[DUG] Upgrading to XE - Unicode strings questions

Tue Nov 23 16:14:50 NZDT 2010

No on two counts:

String[1] is one WIDE character, which may or may not be a complete Unicode codePOINT (and so equally may or may not be a complete Unicode character, although the definition of what constitutes a "character" in Unicode is a whole separate topic).

Length( s ) will always yield the number of chars in s.

The only wrinkle that Unicode introduces here is that the number of chars no longer == the number of *bytes* (each char is a WIDEChar and therefore 2 bytes).

But you can still reliably index each WIDEChar in a WIDEString using the [nth] element index.

Strings in COM have always been WideString - conversion to/from UnicodeString is automatic and lossless (in terms of data).

TCP, yes you will have to do work to support Unicode in this area if you haven't already done so (but the internet has - if not entirely, then in large part - been Unicode for a long time now, so you really should have taken care of this already, regardless of the Unicode-ness or otherwise of your Delphi code itself).

But that applies to ANY external systems with which your code interacts that may already be Unicode (or indeed which will remain resolutely ANSI, even if your app becomes Unicode).

In addition to inconveniences for people who had already done some work to support Unicode, the implementation does little/nothing to encourage or promote *correct* Unicode support in new projects and introduces potential for confusion and mistakes in many areas imho.

The entire string handling area of the RTL should have been thrown out and a properly thought out framework introduced to replace it, and yes, we should have been forced to migrate to the new, consistent and comprehensive string RTL (or at least encouraged, by marking all existing RTL support as "deprecated").

PLUS, for the backwards compatability crowd, they *could* have supported a "String == Unicode" compiler switch imho (not just an "I wish they had" - I can see technically precisely HOW it would and could have been implemented, and it fits perfectly with their own advice for how to deal with code that is problematic to convert to Unicode).

Whilst at a technical level this may not have been a huge advantage, it certainly would have been a welcome comfort to people facing the job of converting large applications with libraries of - in some cases no longer supported - 3rd party library code, by enabling them to "flag" those units as "ANSI" and deal with the conversion warnings that would have subsequently been emitted by linking with the Unicode VCL.

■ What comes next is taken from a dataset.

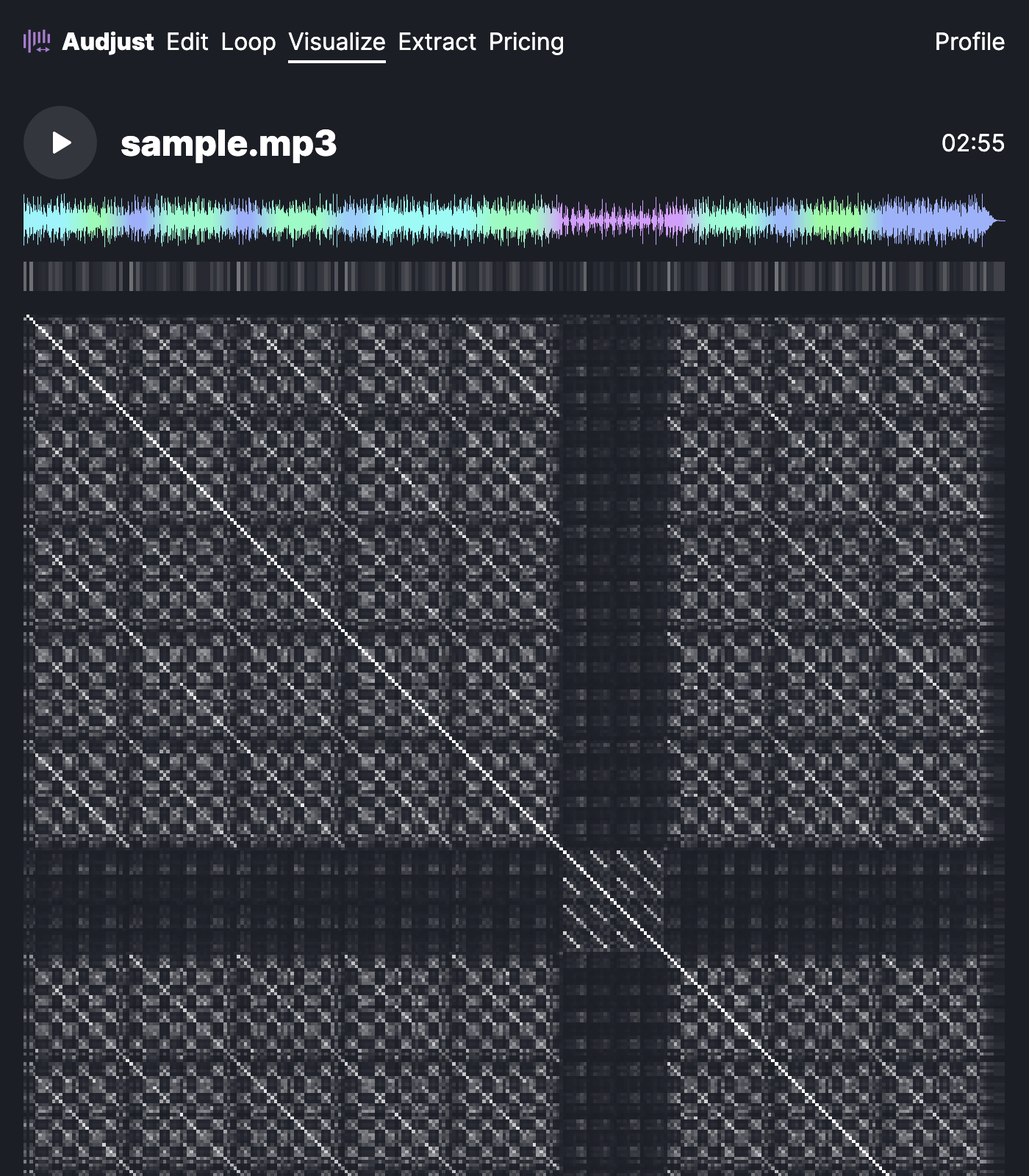 Screenshot of the application in visualize mode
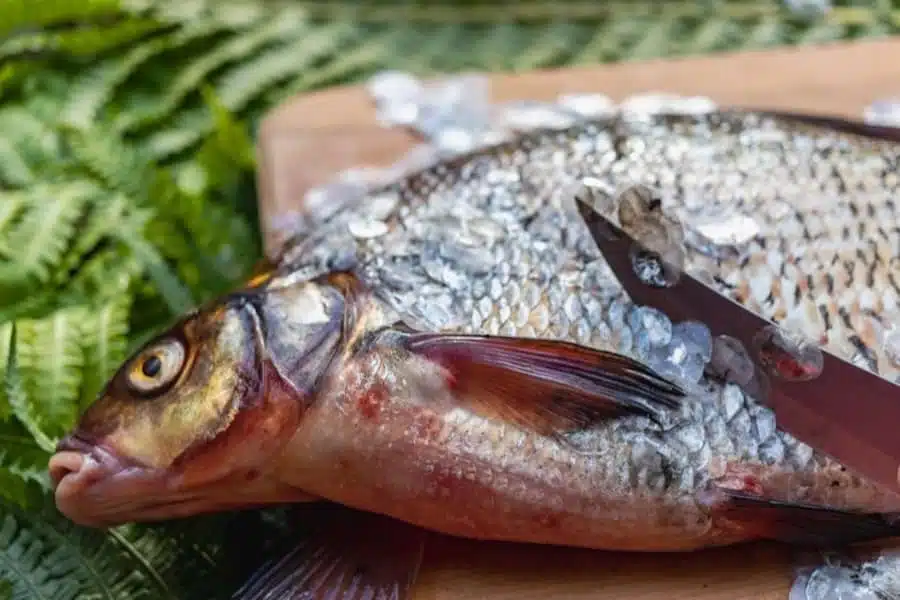 pulire il pesce intero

The only real argument against a compiler switch comes from the view that having two versions of the VCL - one Unicode and one ANSI - would have been required and would have been unworkable.  This is not the case IMHO.  The VCL could have gone unilaterally and fixedly String==UnicodeString whilst allowing us to compile our own units with String==ANSI/UnicodeString

As I say, the technique of enforcing ANSI-ness in "unsafe Unicode" units in order to defer the job of migrating those units to Unicode is well documented and is the official advice in such difficult cases.

A compiler switch as I envisage it would simply have made that process more straightforward - the net effect would have been the same, which on its own demonstrates that such a switch was in fact technically possibly IF IMPLEMENTED IN THAT WAY, despite the protestations to the contrary (which assume a DIFFERENT implementation approach).

Too late now of course.

:)

-----Original Message-----
From: delphi-bounces at delphi.org.nz [mailto:delphi-bounces at delphi.org.nz] On Behalf Of John Bird
Sent: Tuesday, 23 November 2010 15:36
To: NZ Borland Developers Group - Delphi List
Subject: Re: [DUG] Upgrading to XE - Unicode strings questions

My main remaining question is the best way to handle code that up to now 
looked like:

    for i:=1 to length(string1) do
    begin
            DoSomethingWithOneChar(string1[i]);
    end;

If I got the gist correctly, string1[i] is one unicode character, but 
length(string1) is the number of codepoints in the string and not the number 
of characters.  This is gonna be confusing!

Other comments:

Comment 1 - I saw quite a few commentators say that they in general approved 
of the way that the unicode had been implemented - everything that was ansi 
string before is now unicode consistently throughout the whole language and 
IDE, and in the main the only code that needs altering is where Delphi is 
communicating outside the standard language:   ie

-DLL calls
-SavetoFile and LoadFromFile and other file access - even here smart 
defaults have been put in to retain expected behaviour.
-Sending strings to COM/TCP etc you might need to convert to get the kind 
expected
-Database fields - usually handled by making sure the right encoding is 
sent.

Comment 2 - The worst inconveniences are for those who have already tried to 
do some unicode type processing using WideChar, and the functions that were 
used for these.    Undoing these changes is usually the best way to cater 
for unicode.    Also some of the routines introduced then have horribly 
confusing names,  like AnsiPos   which is for searching widechars and is 
still what should be used for searching.    It seems to me that some 
identical routines should be introduced - eg called UnicodePos(.....) 
just so that those who are new to Unicode can use at least a consistently 
named set of tools.    I would probably make routines named like this which 
I use just to be clear.

Comment 3 - I see a few people arguing that there should have been a 
compiler switch to allow compiling to ansistring  or unicode string 
depending on the compiler switch, to ease converting people to D2009/XE. 
There are merits either way on this - in the long term if everyone is going 
to have to live in a unicode world then its probably better to bite the 
bullet and be made to convert code as eventually you cannot escape it.   In 
such a case a simpler compiler and VCL is a big advantage.     This is sort 
of related to being able to cross compile to 64 bit, iPhone, Android - 
whatever way makes it easy to have these forward looking options.    The 
quite stark reality is that in 5 years it looks like much but not all 
commercial software will be running on Windows,  its likely to be a mix of 
Web/iPhone/Android/GoogleOS/MacOS   so the forwards portability of compiling 
Delphi for different environments is way more important than whether it 
should be able to do Strings as  AnsiString.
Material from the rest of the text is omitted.